Records provided section start

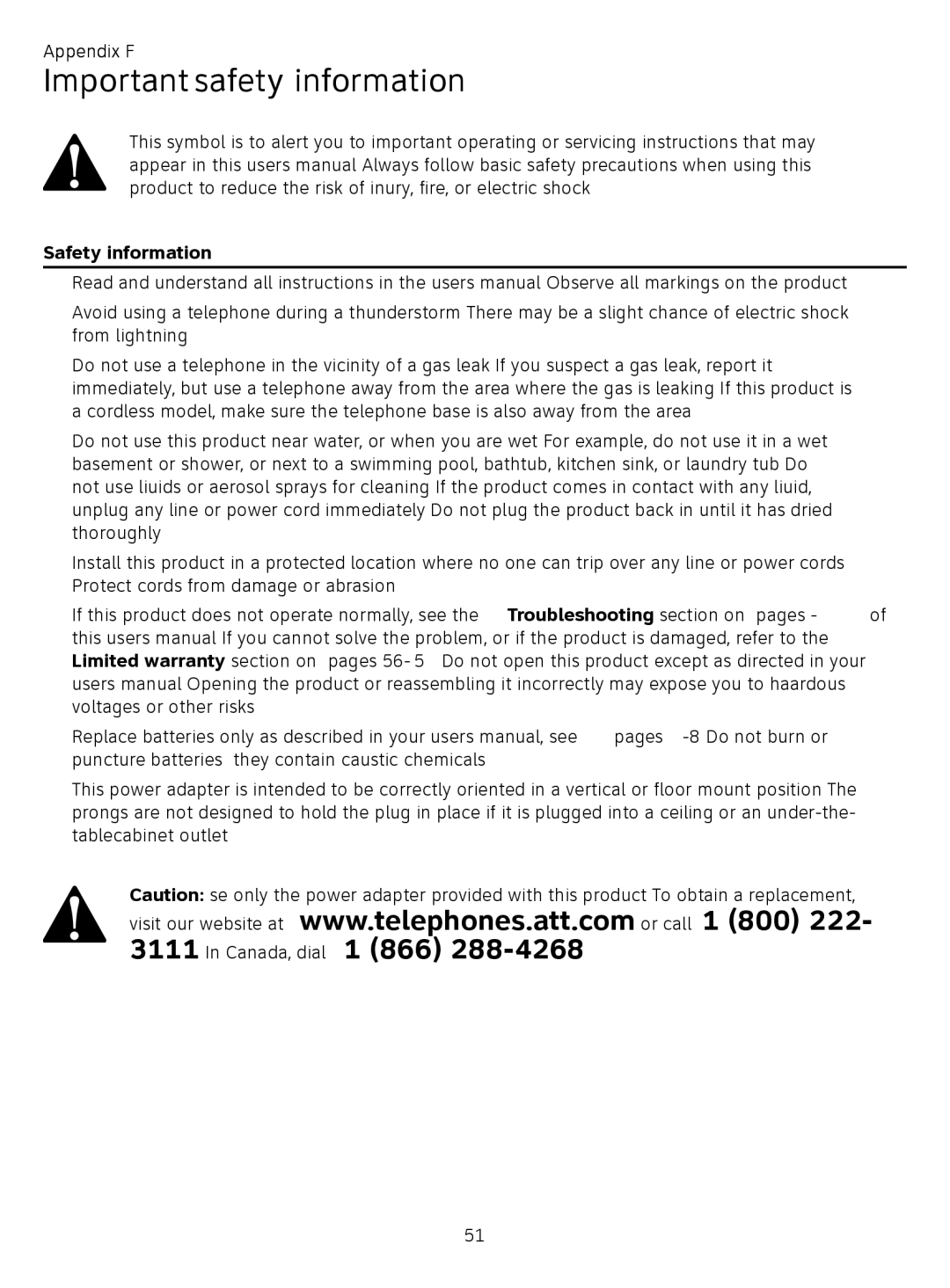 AT&T CL81209, CL81219 user manual Important safety information, Safety information 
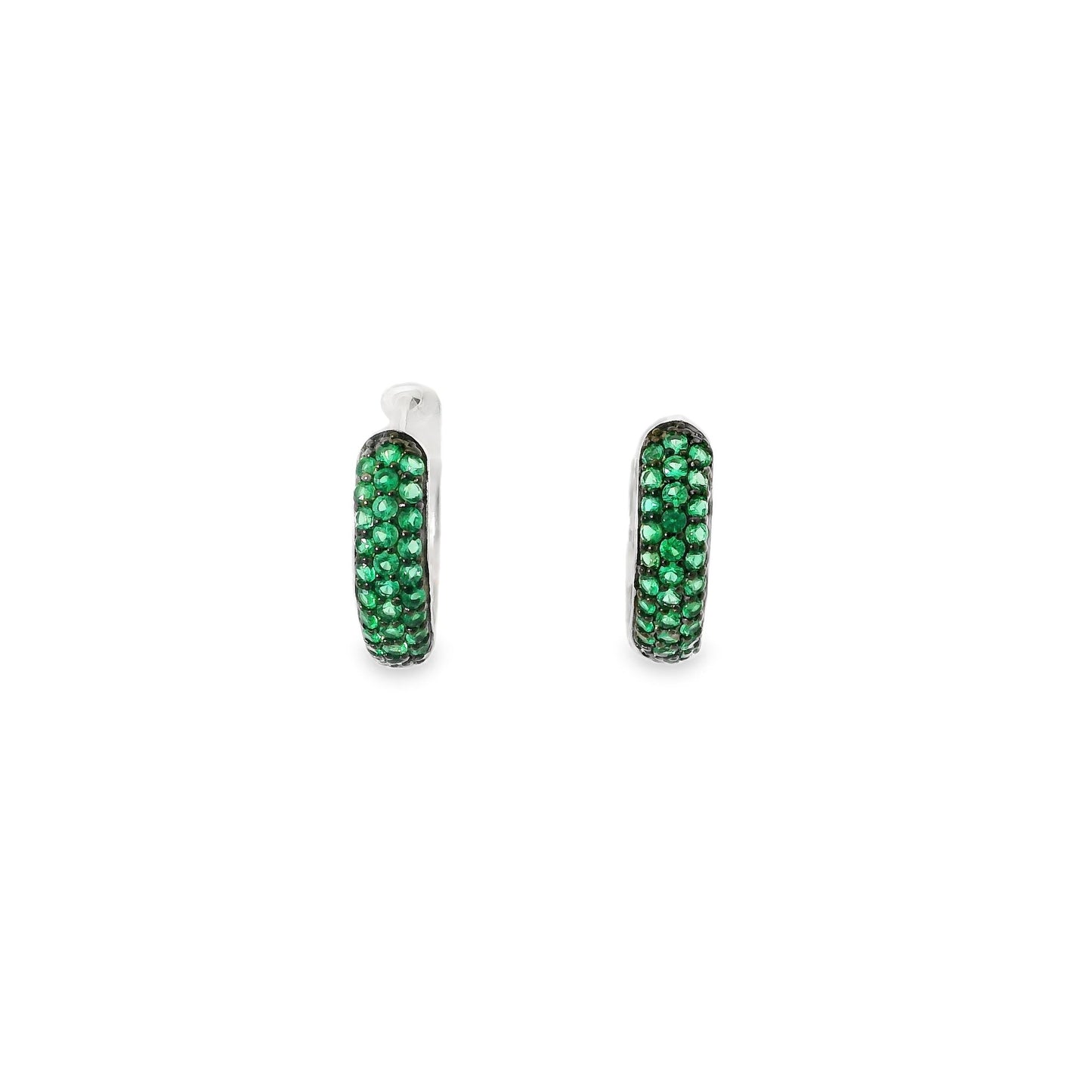 Medium Three Row Pave Diamond CZ Huggie Earrings - KE19488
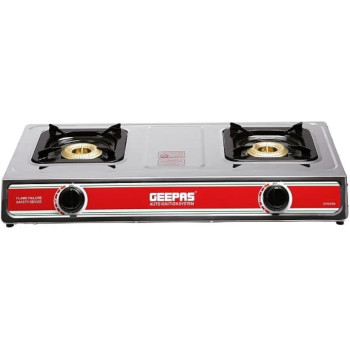 Deep Sleep 2 Burner Gas Cooker, Silver, Gas Range 2-Burner Stove Cooktop, Auto Ignition, Outdoor Grill, Camping Stoves, Compatible For Lpg Gas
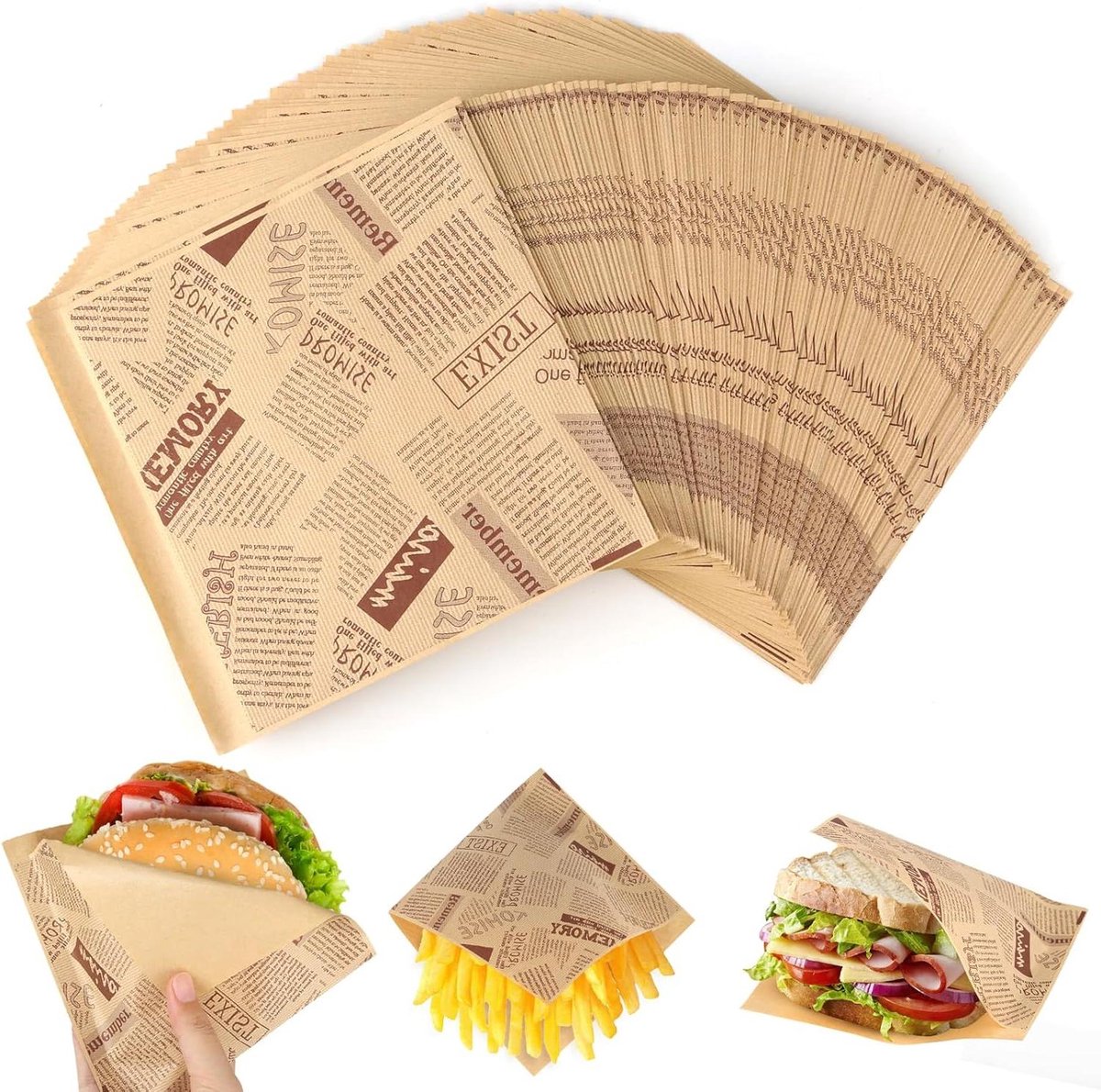 200 stuks Papieren Vellen 15x15 cm voor Hamburger, Döner, Sandwich en Friet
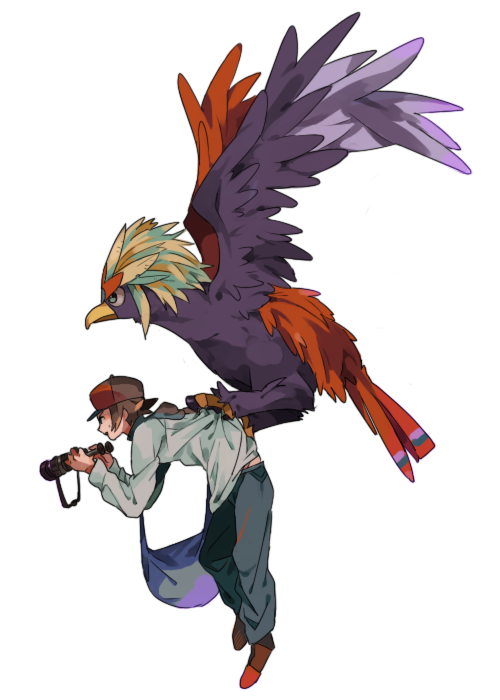 hilbert and braviary (pokemon and 1 more) drawn by gero_(hitoridenka)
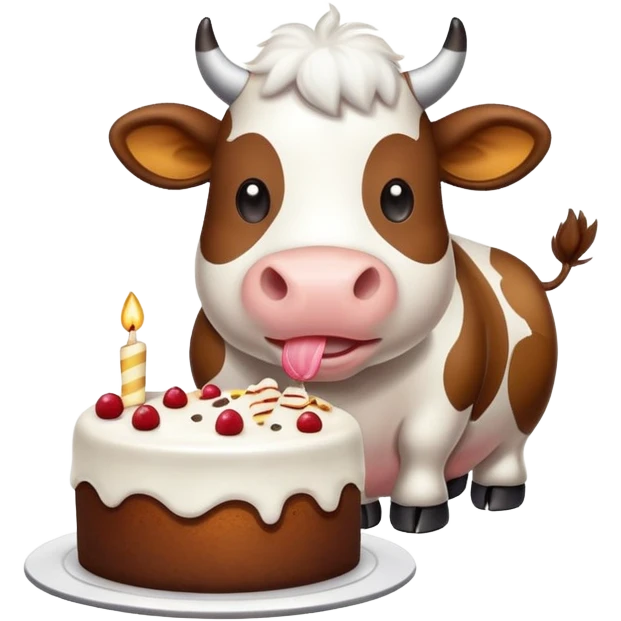 Vaca comiendo torta  emoji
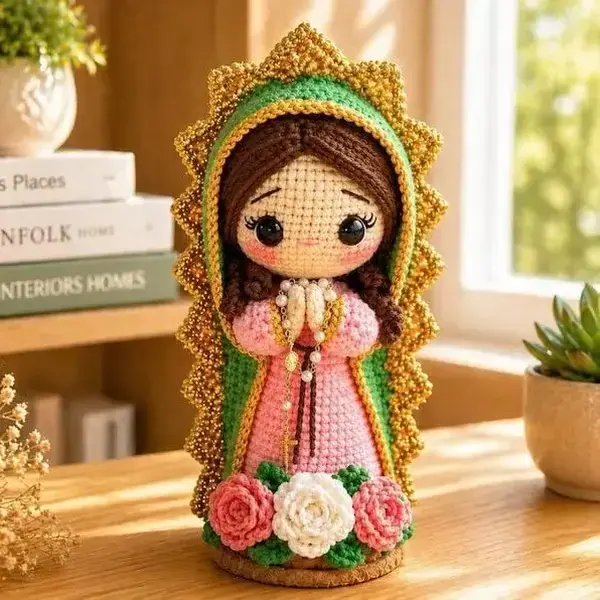 Handmade Crochet Virgin Mary Doll, Catholic Religious Gift, Prayer Decor, Catholic Home Decoration, Unique Faith Gift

Records provided section end

- _What to produce_:
Give back exactly the lines from the one containing "Vaca comiendo torta" through the last line above, both included, and none of the pictures.

- _Task output_:
 Vaca comiendo torta  emoji
 Handmade Crochet Virgin Mary Doll, Catholic Religious Gift, Prayer Decor, Catholic Home Decoration, Unique Faith Gift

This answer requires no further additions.